Et pour être capable de voir l’autre tel-le qu’il/elle est, il faut être capable de ne pas projeter sur lui/elle ses blessures, ses manques, et les vieux schémas relationnels inconsciemment hérité de ses parents.
Pour arriver à cela, je crois que s’aimer soi-même est la clef.
S’aimer tel-le que l’on est.
Cela demande (pour moi en tout cas!) beaucoup de travail, beaucoup d’indulgence envers soi-même, et aussi – toujours dans mon cas – deux amies sincères pour vous rappeler à la réalité quand vous délirez.

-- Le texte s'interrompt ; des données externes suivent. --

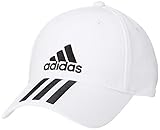 adidas 6p 3s Cap Cotto Gorra, Unisex Adulto, White/Black/Black, OSFM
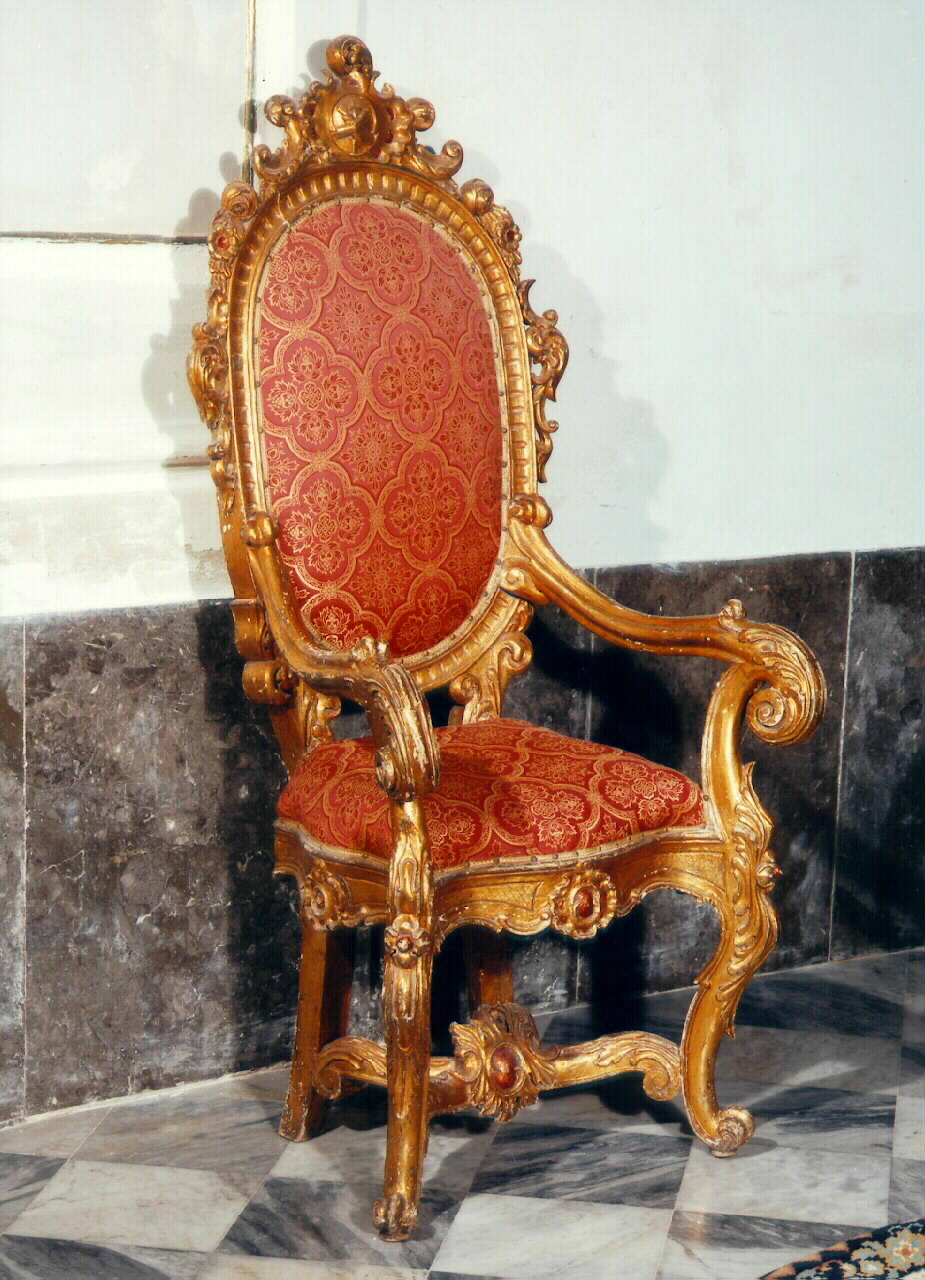 sedia del celebrante - produzione siciliana (Prima metà sec. XVIII)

Une fois libérer, ou du moins conscient-e des projections et névroses que l’on sur soi-même, il nous est possible de ne pas les projeter sur l’autre.
Et donc de le/la voir tel-le qu’il/elle est vraiment.
(Pour peu qu’il/elle soit transparent avec ce qu’il/elle est mais c’est une autre question sur laquelle nous n’avons pas prise.)

Une fois cela fait, c’est la personne dans sa globalité qui nous séduit, qui nous plait.
C’est son intelligence, son humour, son allure, son physique, son caractère, ses blessures, ses forces, ses extravagances (ou non), ses fêlures…
C’est l’être humain en face de nous qui nous séduit.

On peut aimer « n’importe qui », indépendamment de son caractère nerveux.

Personnellement

Je sais que le bonheur sans nuage que je vis avec mon fiancé s’explique par ce simple fait : nous nous comprenons.
Et jusqu’à présent je n’ai été comprise – il ne s’agit pas là de communication, mais de compréhension de ce que vis, ressens et est l’autre – que par des personnes officiellement diagnostiquées HPI.
Mon fiancé est la seule exception à cette règle puisqu’il n’a passé aucun test.

Je n’ai donc que mon ressenti pour me prononcer sur sa nature neuro(a)typique.
De vous à moi, je suis persuadée « qu’il en est ».
Lui est persuadé du contraire. Ce qui ne fait que renforcer ma conviction qu’il en est.

Je serai donc plutôt de celles qui vous diront qu’en étant HPI, avec un-e autre HPI, c’est mieux qu’avec un-e NT.
Mais « mieux » ne veut pas dire « obligatoire » ou encore « unique possibilité ».

En conclusion

L’amour, ou les relations humaines, sont des histoires d’individus dans leur globalité avant tout.
Le fait d’être ou non HPI est un des ingrédients qui participent (ou non) à l’harmonie de la relation.
Mais c’est à vous et à vous seul de déterminer quelle part cela occupe(ra) dans votre relation.
Il n’y a pas de bonne ou mauvaise réponse en la matière, il n’y a que ce qui fonctionne pour vous.